Prefeitura judicializa novo Plano Diretor Municipal

Argumento utilizado é que os vereadores promulgaram lei que afronta princípios da razoabilidade, proporcionalidade, isonomia e impessoalidade
02 de dezembro de 2019 às 18:56

 

Comunidade em geral é a mais prejudicada com a falta de diálogo (Foto Mateus Argenta, Divulgação/Banco de Dados)

Seguindo sua lógica de questionar judicialmente toda e qualquer decisão que lhe desagrade, a atual Administração Municipal de Caxias do Sul entrou com Ação Direta de Inconstitucionalidade (ADIN) contra o substitutivo do Plano Diretor Municipal aprovado pela Câmara de Vereadores. O projeto de lei foi vetado pelo prefeito Daniel Guerra, mas a decisão foi derrubada pela maioria dos vereadores, seguindo-se promulgação da lei pelo Poder Legislativo diante do silêncio do prefeito Daniel Guerra/Republicanos. De acordo com a ADIN, a legislação possui vício formal pela ausência de participação popular nas definições que geraram o substitutivo apresentado, além de afrontar princípios da razoabilidade, proporcionalidade, isonomia e impessoalidade.
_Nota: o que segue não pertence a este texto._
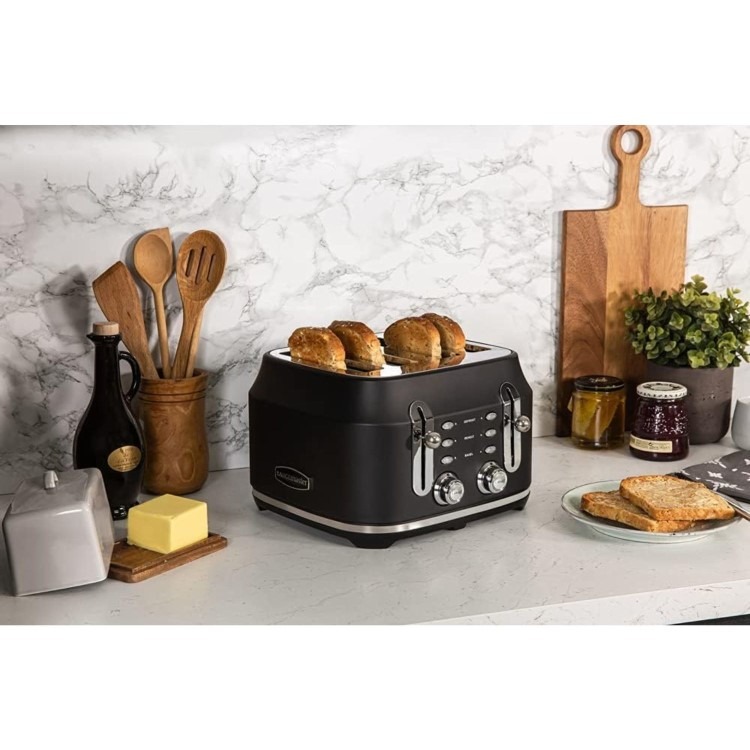 Rangemaster Classic 4 Slice Toaster - Black - Image 3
No material distribuído pela assessoria de imprensa, a Prefeitura sustenta que a lei promulgada incorre em vício de iniciativa por afronta ao princípio da separação de poderes e apresenta problemas de ordem jurídica e de texto legal, que gerariam regramentos conflitantes e impossibilitando a aplicação de diversos aplicativos, como zoneamentos de uso e ocupação do solo. Na ADIN, também consta que são igualmente desrespeitados e retirados regramentos de preservação do meio ambiente e do patrimônio histórico e cultural.

Os argumentos da Procuradoria-Geral do Município (PGM) são abordados em cinco assuntos principais, que se dividem em mais de 60 subitens, com explicações e utilização de mapas, fotos e tabelas. Um dos pontos referidos é a alegada ausência da obrigatória participação popular, o que ofenderia ao princípio da democracia participativa”. No documento, a PGM acusa a Câmara de ter realizado tão somente “discussões genéricas sobre o tema cidade ou acolhimento de propostas da população, sem demonstrar que o teor final das propostas constantes no substitutivo tenha sido apresentado, minimamente discutido e de conhecimento da população envolvida". 

Também denuncia a Câmara de violar o princípio de harmonia entre os poderes, pois algumas proposições impactariam as finanças públicas, gerando despesas sem a devida previsão orçamentária. "O substitutivo foi desenvolvido sem embasamento e responsável técnico, com pontos passíveis de mais de uma interpretação, o que gera insegurança jurídica", acusa. Ainda são citadas inconsistências técnicas geradas com o novo Plano Diretor, que tratam de problemas de aplicação da lei, equívocos de denominação/conceito, artigos com problemas de ordem jurídica e técnica.

A Procuradora-Geral do Município, Cássia Kuhn, alega que o Poder Executivo elaborou um Plano Diretor Municipal após mais de um ano de estudos, debates e discussões com a comunidade e as entidades interessadas. “Os vereadores, porém, sem embasamento técnico, modificaram e criaram um substitutivo”, acusou.